'Sanju' review: Ranbir Kapoor steals the show

With Sanju, Hirani orchestrates Sanjay Dutt’s return to grace from his many, many off-screen falls with this onscreen homage. Image Courtesy: Twitter

Sanju

Rating: ****

Director: Rajkumar Hirani

Cast: Ranbir Kapoor, Paresh Rawal, Vicky Kaushal, Manisha Koirala, Boman Irani, Anushka Sharma, Dia Mirza, Jim Sarbh

Ranbir Kapoor is back, people. Sanju, the much-anticipated biopic based on Sanjay Dutt, directed by Rajkumar Hirani, starring Ranbir Kapoor as Sanju Baba (as Dutt is fondly known) released today after its fair share of controversies and delays. The most noteworthy of them all was Salman Khan and his fans being miffed that Khan wasn’t cast as Sanju, the role going to Ranbir Kapoor instead, whom Hirani favoured for being the younger of the two. And what a blessed choice that has turned out to be. In the movie, Dia Mirza, who essays the role of Sanjay Dutt’s real life wife Maanyata, tells him:

“You know what they say. Bad choices make good stories”.

Casting Ranbir Kapoor as Sanju was probably the best choice Hirani could have made.

Anyone who has followed Dutt’s real life saga knows he has been embroiled in controversies and scandals galore, including but not limited to his substance abuse, possession of the AK-56 assault rifle, being tried as a terrorist in court after the Mumbai blasts in 1993, his jail terms, and other stuff that comes with being a high-profile, highly visible Bollywood star. His most famous (arguably his most successful) roles were in the Munnabhai franchise, under Hirani’s starstruck directorial baton. After reprising his role as Munnabhai in the second edition of the franchise in 2006, Lage Raho Munnabhai, Dutt was sentenced to a six-year prison term after he was convicted (charges of terrorism against him were dropped, but he was found guilty of illegal possession of weapons). The third movie that was announced in the franchise, trailers for which had already been circulating, never did get made because of this.

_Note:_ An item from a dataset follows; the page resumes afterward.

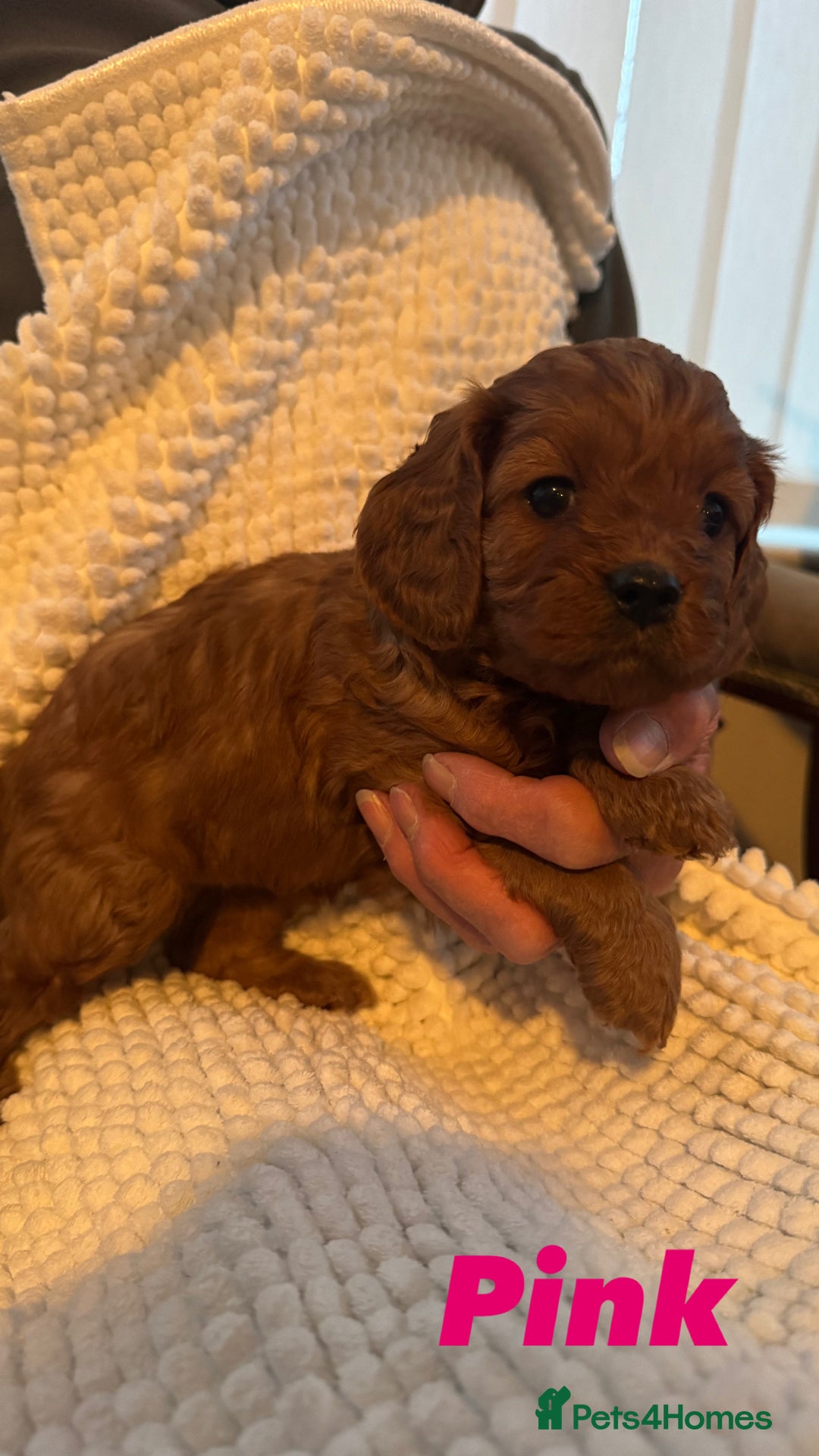 Cavapoo dogs for sale: Stunning litter of F1 Cavapoo’s - Advert 2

Sanju the film follows Sanjay Dutt’s life, from being a reluctant star kid turned film hero, to his many shenanigans in his early years, to being deified on screen, then being vilified off it and his subsequent return to civil life after serving his prison terms. And Hirani, with his trademark mix of humour, emotional blackmail, and celebration of the human spirit, gives a huge welcome back to Sanjay Dutt with this non-Munnabhai venture. Hirani, one of Dutt’s most vocal allies, makes no bones about his disgust for the way Dutt was covered by the media after the Mumbai blasts and his subsequent convictions. In fact, what is presented here in the movie feels cherrypicked for the sake of the script that only favours Sanjay Dutt.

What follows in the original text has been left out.